Me, Myself, and I: Making Self-Care a Priority in 2020
By Marsha F. Warren, Ed.S. LPC, CPCS
I would like to begin by thanking Dr. Jackson for the opportunity to share some of my many experiences with such a group of valued followers and subscribers. To set the foundation for today’s post, it is important to note that I have worked in the area of clinical mental health for more than twenty years. I am also a Licensed Professional Counselor and currently work as a school counselor; in addition to operating a small private practice in downtown Statesboro.
It is fitting to discuss self-care as we find ourselves recovering from the hustle and bustle of this past holiday season. Each year, we find ourselves succumbing to the demands we place on ourselves when it comes to our personal, family and professional lives. And to think, when we throw social media into the mix, there is added pressure to share, upload, follow, like, and/or post various aspects of who we are for the world to see. In this process, we often find ourselves disclosing representations of ourselves that tend to be in conflict with who we genuinely are as well as how we cope with life’s circumstances from day to day. We often times lose sight of what’s important and become more focused on keeping up images and appearances; while neglecting our self-care.
True Story, I can remember working and becoming a new mom and the difficulties I experienced trying to balance my role as a wife with that of being a professional. It was no walk in the park to say the least! I found myself hiding my pain and the fact that I was overwhelmed in my role as a mom. How could such a significant blessing come with so much fear and self-doubt? How could such a blessing bring about such isolation and loneliness? I even took it upon myself to return to work early as a remedy to further mask my problems and insecurities as a mother. Long story short, I suffered from postpartum depression, but initially refused to get help because I thought that I would let people down.
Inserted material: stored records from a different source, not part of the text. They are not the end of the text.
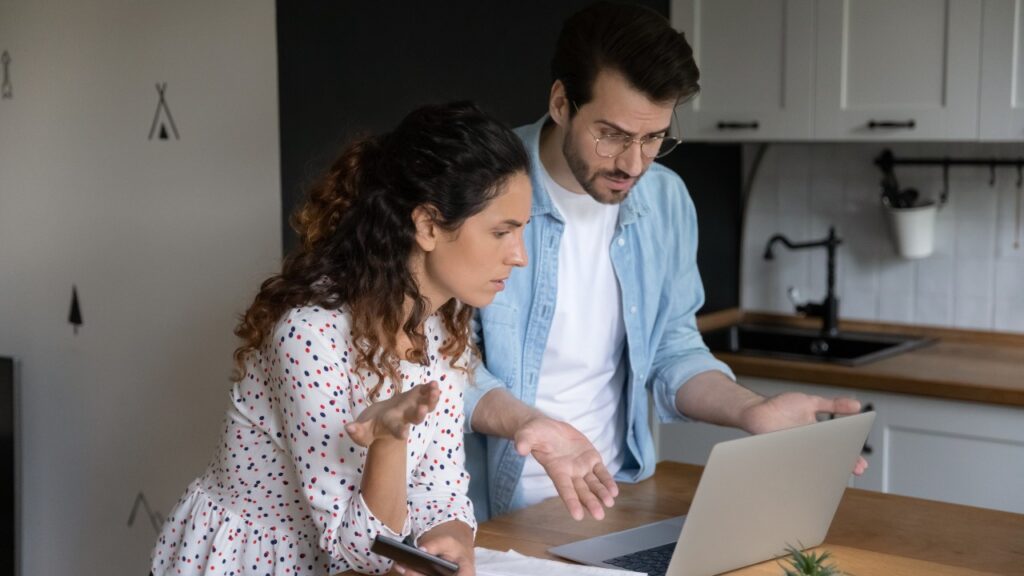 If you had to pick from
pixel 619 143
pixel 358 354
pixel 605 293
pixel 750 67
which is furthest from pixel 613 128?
pixel 750 67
Everything came to a head during a routine visit to my doctor, I found myself sobbing as I tried to explain how miserable I felt on the inside. This was the first time I was clearly asked to talk about myself as opposed to discussing the joys of having a brand new baby girl. Fighting back tears, I had to be honest with myself. I explained to my doctor that I was not doing a great job caring for my baby. When asked to explain, I stated that I was not able to get out of bed most days, I would cry myself to sleep at night, I was afraid to touch the baby, and there were days when my husband would have to rush home from work when I called him in a panic, demanding that he come home right away. If I am gong to be completely honest, I was afraid of being alone with my baby girl and found myself constantly verbalizing the inadequacies I felt as a new mother. At the time, I was not able to see past the hurt and pain I felt on the inside. It was difficult for me to wrap my head around the idea of being a professional counselor who was suffering with depression. Would clients trust me if they knew that I had my own fair share of problems? To be completely honest, I viewed myself as weak and somewhat of a disgrace to the long line of strong matriarchs within my family system. By faith, and with a strong support system, a good therapist, and medication I was able to pull it together and learned to make self-care a top priority.
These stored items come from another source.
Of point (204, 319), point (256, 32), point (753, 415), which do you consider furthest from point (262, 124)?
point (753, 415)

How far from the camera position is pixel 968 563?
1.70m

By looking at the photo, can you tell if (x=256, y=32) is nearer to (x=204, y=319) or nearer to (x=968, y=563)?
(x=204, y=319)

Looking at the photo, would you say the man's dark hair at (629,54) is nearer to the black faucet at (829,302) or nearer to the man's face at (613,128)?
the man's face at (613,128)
Here are a few points to consider when preparing to embark on your own self-care journey:
1. Make room for yourself. Introspection and self-evaluation are key if you are truly committed to becoming a better version of yourself. Ask yourself deep, open-ended questions that examine your own thoughts, ideas and feelings without judgement. Be honest with yourself. Let’s face it, you cannot heal or recover from what you do not reveal.
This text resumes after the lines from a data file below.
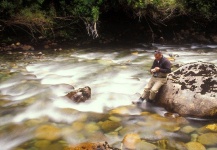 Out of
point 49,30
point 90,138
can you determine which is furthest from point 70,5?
point 90,138

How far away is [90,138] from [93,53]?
691cm

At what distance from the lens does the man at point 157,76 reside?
599 centimetres

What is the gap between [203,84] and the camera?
5.77 metres

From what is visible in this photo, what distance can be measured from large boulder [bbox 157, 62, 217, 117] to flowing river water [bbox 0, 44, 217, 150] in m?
0.19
2. Time is valuable. Generally speaking, people make time for what they value. Your self-care is imperative and therefore requires your investment! As an introvert, I can only spend so much “together time” with family, friends, and loved ones. We all need alone time like we need air to breathe. This is not the time to feel guilty.
3. Take responsibility for your spiritual, physical, and mental wellbeing. Be in tune with your own symptoms of stress, fatigue, or other unusual symptoms and take action to address them. Also, check in with how you think and what thoughts you allow to consume you. Challenge or reframe those negative automatic thoughts as they have the potential to make or break efforts to improve self-care.
4. Last but not least, build a solid support system to include connecting with a good therapist, if needed. Talk therapy or the idea of processing emotions can help clarify feelings and place them in proper perspective.
Questions to Consider
1. What is your definition of self-care? What kinds of self-care do you practice on a regular basis?
2. What needs more or less of your attention as you work to make self-care a priority?
3. In what ways can you boost your overall well being?
Ready, Set, Let Your Self-Care Journey Begin!!!